Problem – Given the records underneath, please repeat exactly the lines from the line with "Живые обои белый тигр" through the line with "экодиктант язарга чакыралар", passing over any picture.

Records for processing –
※

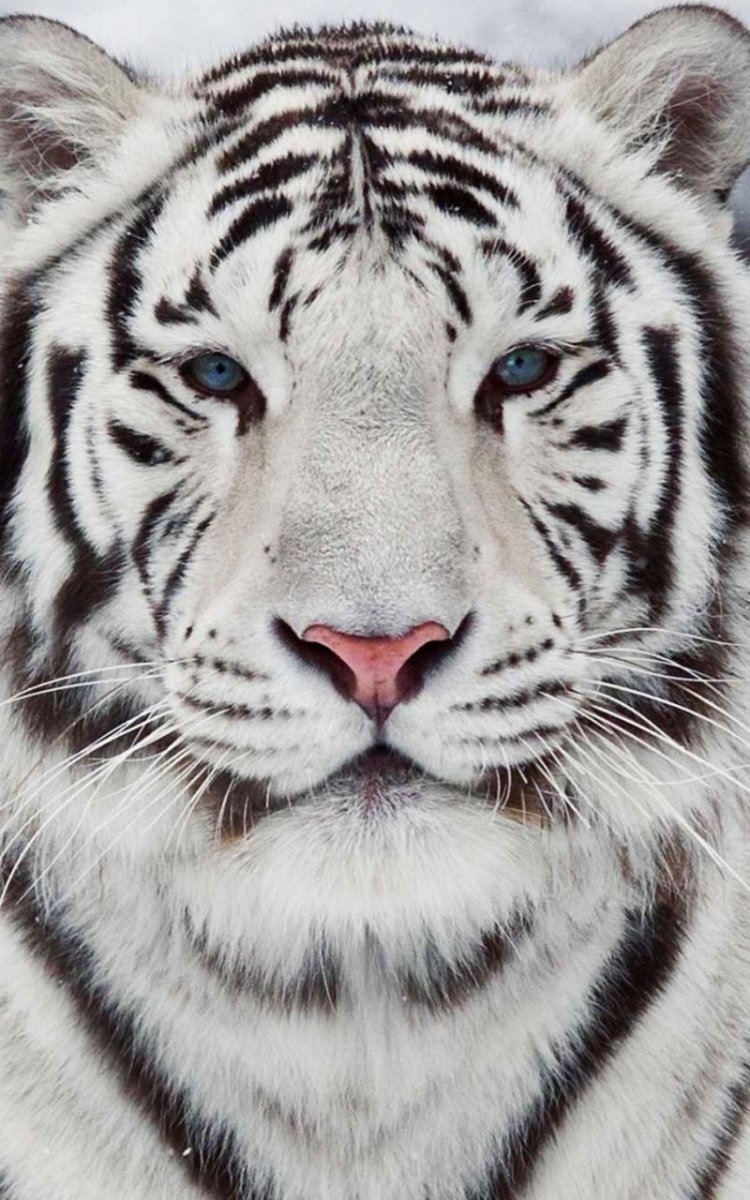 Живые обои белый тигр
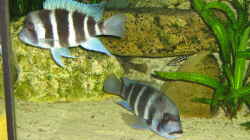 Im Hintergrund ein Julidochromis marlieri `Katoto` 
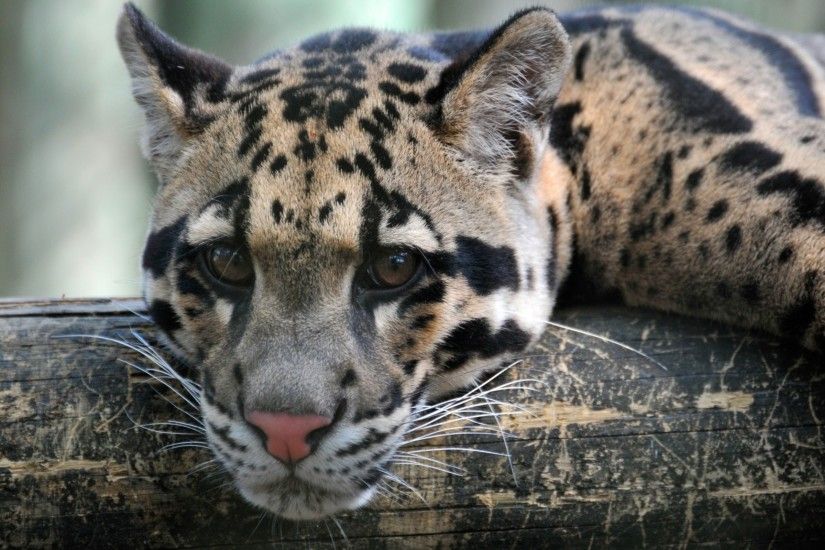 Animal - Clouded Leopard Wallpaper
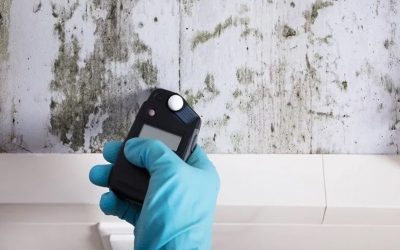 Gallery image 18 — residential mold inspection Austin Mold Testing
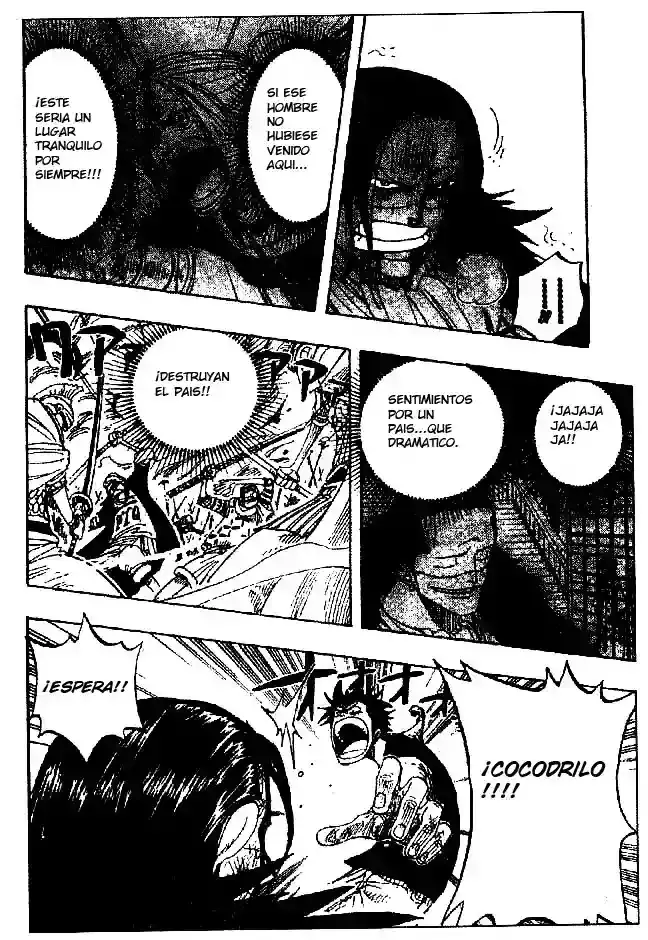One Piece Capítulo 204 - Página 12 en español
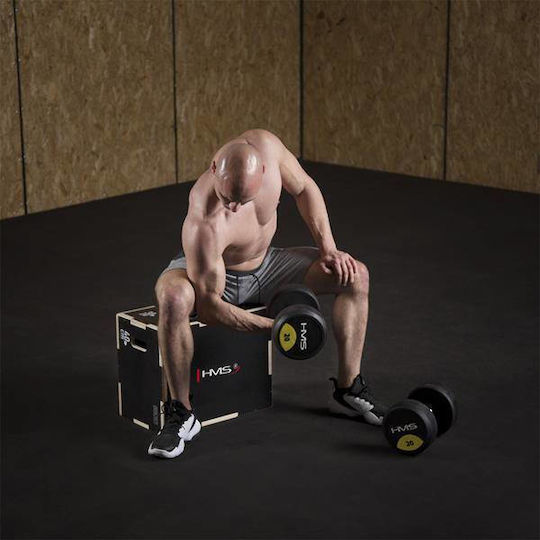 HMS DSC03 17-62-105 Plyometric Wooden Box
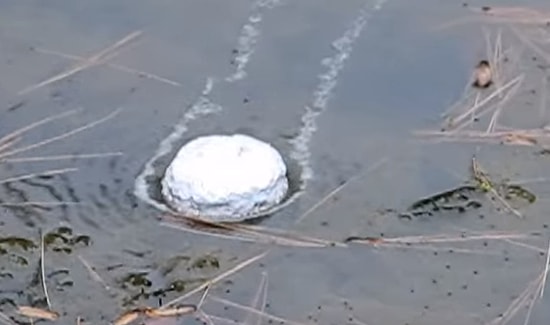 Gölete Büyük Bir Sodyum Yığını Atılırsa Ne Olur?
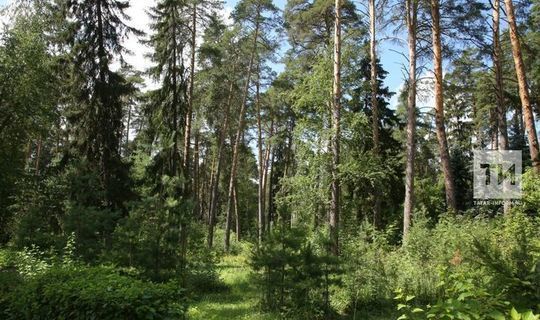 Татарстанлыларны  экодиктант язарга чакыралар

※

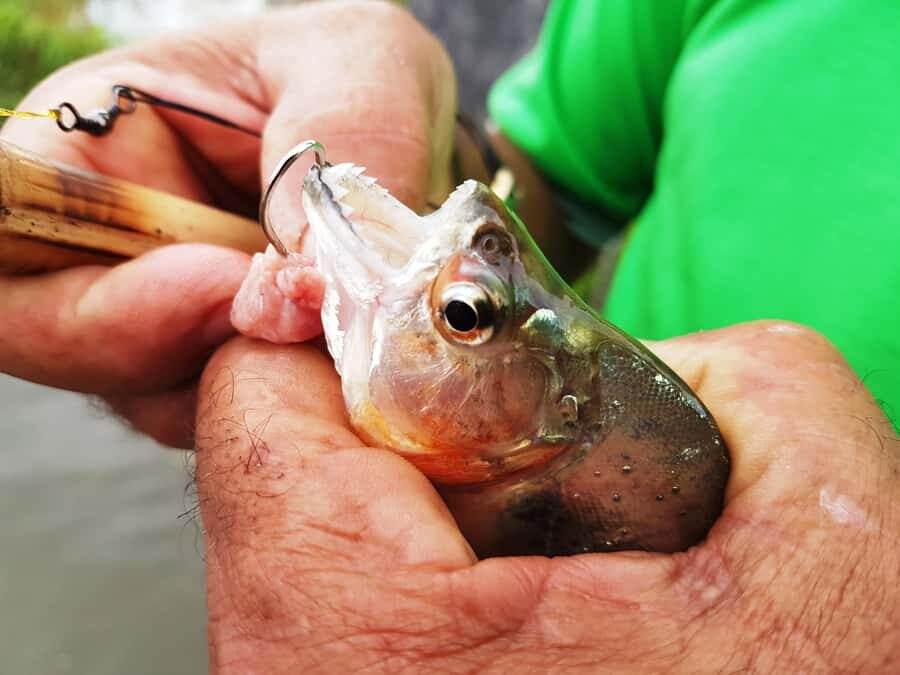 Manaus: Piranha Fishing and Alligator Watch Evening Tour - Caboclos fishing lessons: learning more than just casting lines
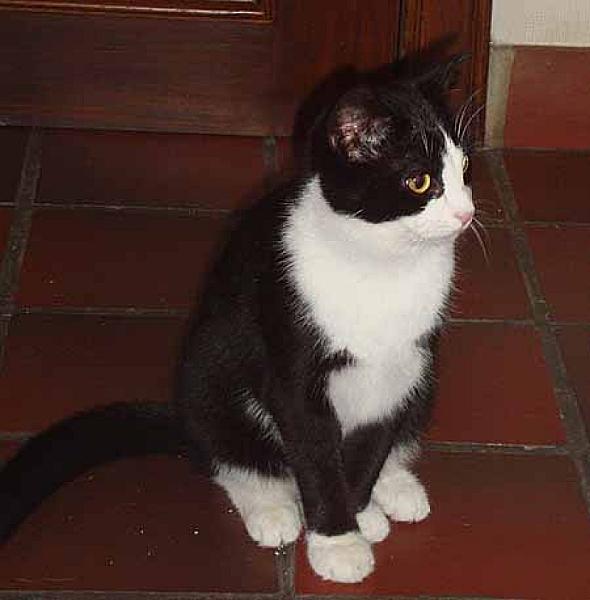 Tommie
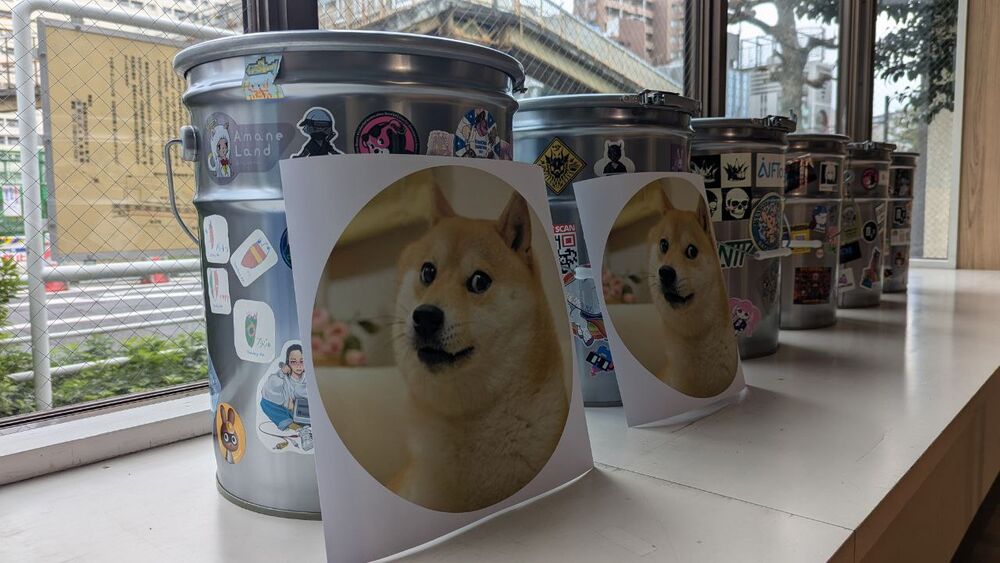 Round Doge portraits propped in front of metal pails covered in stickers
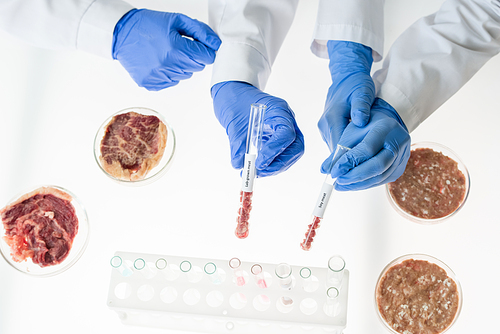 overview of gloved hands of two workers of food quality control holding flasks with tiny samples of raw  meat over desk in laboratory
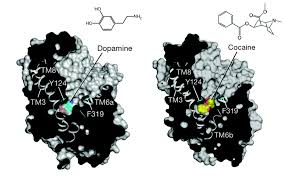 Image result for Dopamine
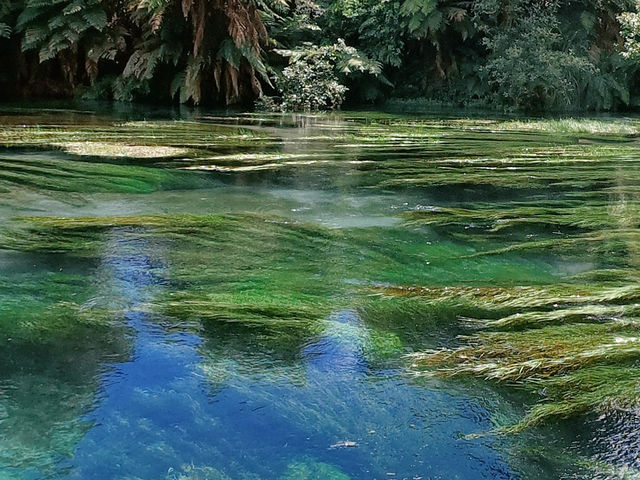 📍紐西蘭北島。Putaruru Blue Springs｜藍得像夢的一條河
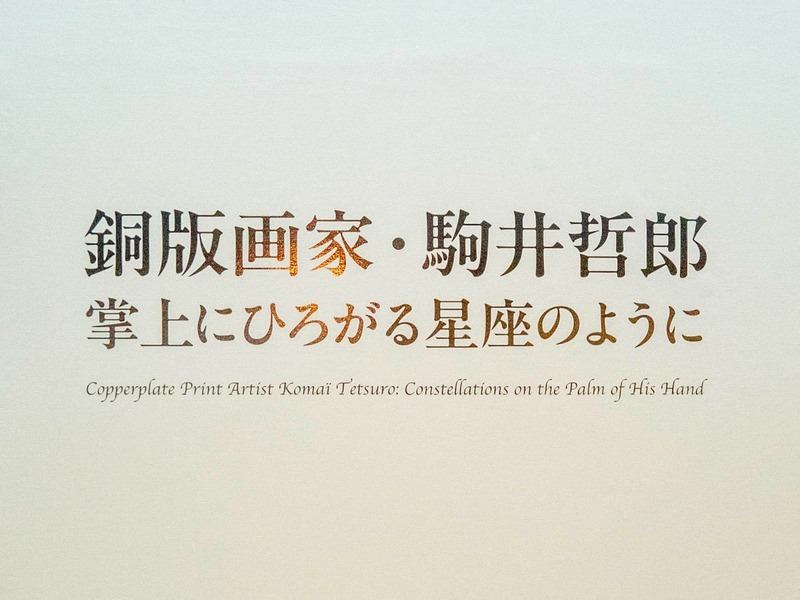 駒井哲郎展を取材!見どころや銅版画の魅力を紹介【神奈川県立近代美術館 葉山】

※

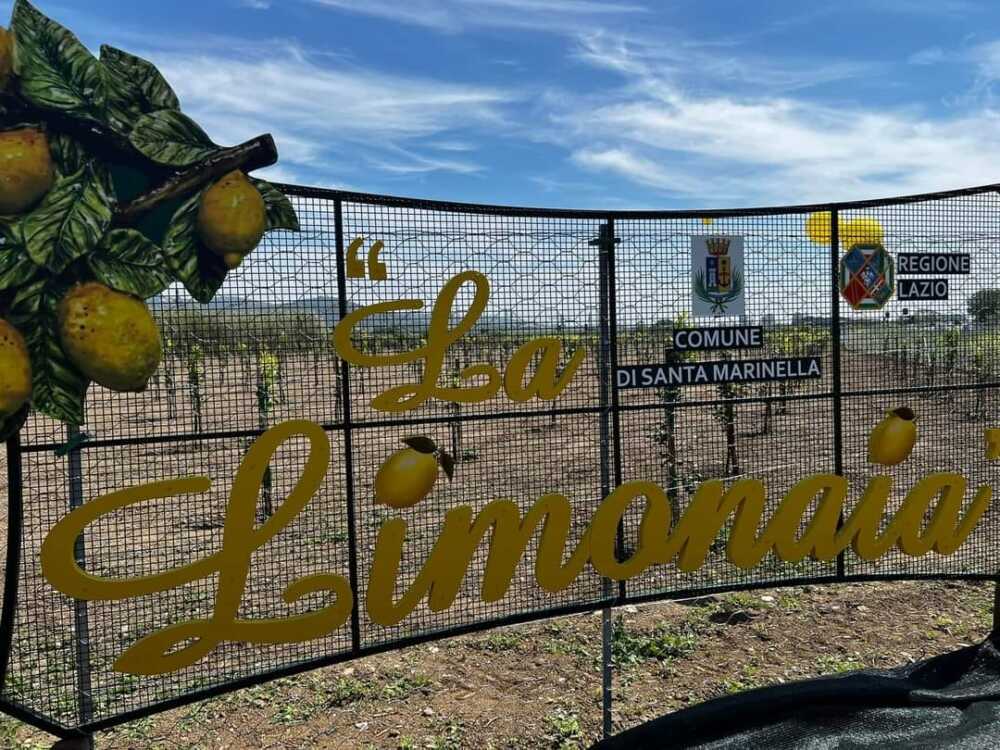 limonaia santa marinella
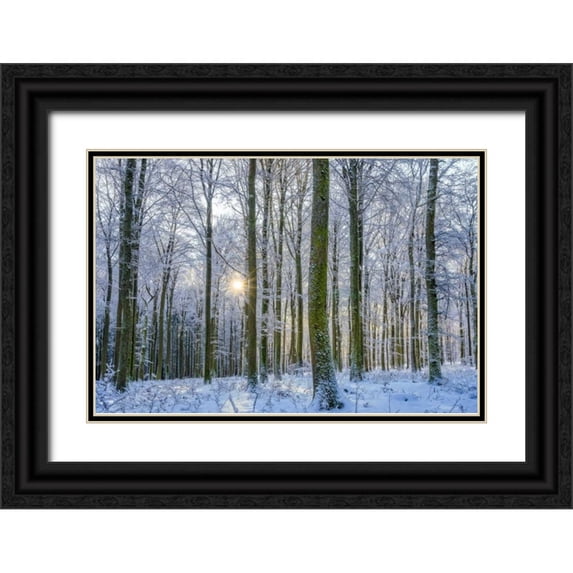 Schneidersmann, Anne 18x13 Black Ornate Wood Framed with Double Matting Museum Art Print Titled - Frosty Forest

※

Written response –
 Живые обои белый тигр
 Im Hintergrund ein Julidochromis marlieri `Katoto` 
 Animal - Clouded Leopard Wallpaper
 Gallery image 18 — residential mold inspection Austin Mold Testing
One Piece Capítulo 204 - Página 12 en español
 HMS DSC03 17-62-105 Plyometric Wooden Box
 Gölete Büyük Bir Sodyum Yığını Atılırsa Ne Olur?
 Татарстанлыларны  экодиктант язарга чакыралар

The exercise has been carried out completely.